▶ [Work required]:
Print the first line of the material below and each line after it, exactly as written, ending with the line that contains "رئيس مجلس السيادة".

++++

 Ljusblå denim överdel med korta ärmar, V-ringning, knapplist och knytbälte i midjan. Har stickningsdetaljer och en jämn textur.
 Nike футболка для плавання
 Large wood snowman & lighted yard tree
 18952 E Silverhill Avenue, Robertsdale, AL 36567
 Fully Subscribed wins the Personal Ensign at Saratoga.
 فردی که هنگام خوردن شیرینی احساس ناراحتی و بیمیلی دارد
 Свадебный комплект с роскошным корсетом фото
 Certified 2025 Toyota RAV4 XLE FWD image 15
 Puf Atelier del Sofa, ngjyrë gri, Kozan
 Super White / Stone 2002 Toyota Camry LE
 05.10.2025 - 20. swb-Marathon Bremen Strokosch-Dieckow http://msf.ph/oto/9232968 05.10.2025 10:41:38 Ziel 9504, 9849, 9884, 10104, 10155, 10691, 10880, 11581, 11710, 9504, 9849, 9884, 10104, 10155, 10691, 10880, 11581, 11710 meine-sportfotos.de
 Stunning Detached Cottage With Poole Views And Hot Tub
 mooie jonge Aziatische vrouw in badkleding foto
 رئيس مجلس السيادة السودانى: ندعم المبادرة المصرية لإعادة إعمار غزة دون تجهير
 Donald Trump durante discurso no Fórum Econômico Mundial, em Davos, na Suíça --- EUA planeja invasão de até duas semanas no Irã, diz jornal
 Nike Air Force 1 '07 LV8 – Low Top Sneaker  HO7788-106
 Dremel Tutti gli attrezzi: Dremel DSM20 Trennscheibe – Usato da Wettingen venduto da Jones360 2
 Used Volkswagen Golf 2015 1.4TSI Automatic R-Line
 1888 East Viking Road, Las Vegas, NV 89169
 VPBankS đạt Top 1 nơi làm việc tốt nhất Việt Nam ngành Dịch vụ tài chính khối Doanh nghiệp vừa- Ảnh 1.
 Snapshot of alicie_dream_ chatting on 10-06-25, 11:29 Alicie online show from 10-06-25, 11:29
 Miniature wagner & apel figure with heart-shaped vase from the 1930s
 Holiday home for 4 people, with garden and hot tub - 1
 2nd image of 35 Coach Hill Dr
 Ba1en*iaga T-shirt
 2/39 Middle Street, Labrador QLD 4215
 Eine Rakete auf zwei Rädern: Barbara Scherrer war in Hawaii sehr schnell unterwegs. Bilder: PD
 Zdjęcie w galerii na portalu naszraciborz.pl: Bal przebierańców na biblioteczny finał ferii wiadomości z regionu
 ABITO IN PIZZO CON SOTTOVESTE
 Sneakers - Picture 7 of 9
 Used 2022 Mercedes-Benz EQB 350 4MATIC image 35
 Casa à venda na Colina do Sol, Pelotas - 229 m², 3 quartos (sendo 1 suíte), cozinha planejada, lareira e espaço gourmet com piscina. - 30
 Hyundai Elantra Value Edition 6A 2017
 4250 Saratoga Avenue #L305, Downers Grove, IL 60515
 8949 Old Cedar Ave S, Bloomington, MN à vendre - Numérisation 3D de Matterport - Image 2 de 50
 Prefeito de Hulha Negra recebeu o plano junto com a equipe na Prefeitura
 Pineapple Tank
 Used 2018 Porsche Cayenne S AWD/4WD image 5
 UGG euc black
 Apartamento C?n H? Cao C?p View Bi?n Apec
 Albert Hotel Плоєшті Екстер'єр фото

++++

▶ [Response to this task]:
 Ljusblå denim överdel med korta ärmar, V-ringning, knapplist och knytbälte i midjan. Har stickningsdetaljer och en jämn textur.
 Nike футболка для плавання
 Large wood snowman & lighted yard tree
 18952 E Silverhill Avenue, Robertsdale, AL 36567
 Fully Subscribed wins the Personal Ensign at Saratoga.
 فردی که هنگام خوردن شیرینی احساس ناراحتی و بیمیلی دارد
 Свадебный комплект с роскошным корсетом фото
 Certified 2025 Toyota RAV4 XLE FWD image 15
 Puf Atelier del Sofa, ngjyrë gri, Kozan
 Super White / Stone 2002 Toyota Camry LE
 05.10.2025 - 20. swb-Marathon Bremen Strokosch-Dieckow http://msf.ph/oto/9232968 05.10.2025 10:41:38 Ziel 9504, 9849, 9884, 10104, 10155, 10691, 10880, 11581, 11710, 9504, 9849, 9884, 10104, 10155, 10691, 10880, 11581, 11710 meine-sportfotos.de
 Stunning Detached Cottage With Poole Views And Hot Tub
 mooie jonge Aziatische vrouw in badkleding foto
 رئيس مجلس السيادة السودانى: ندعم المبادرة المصرية لإعادة إعمار غزة دون تجهير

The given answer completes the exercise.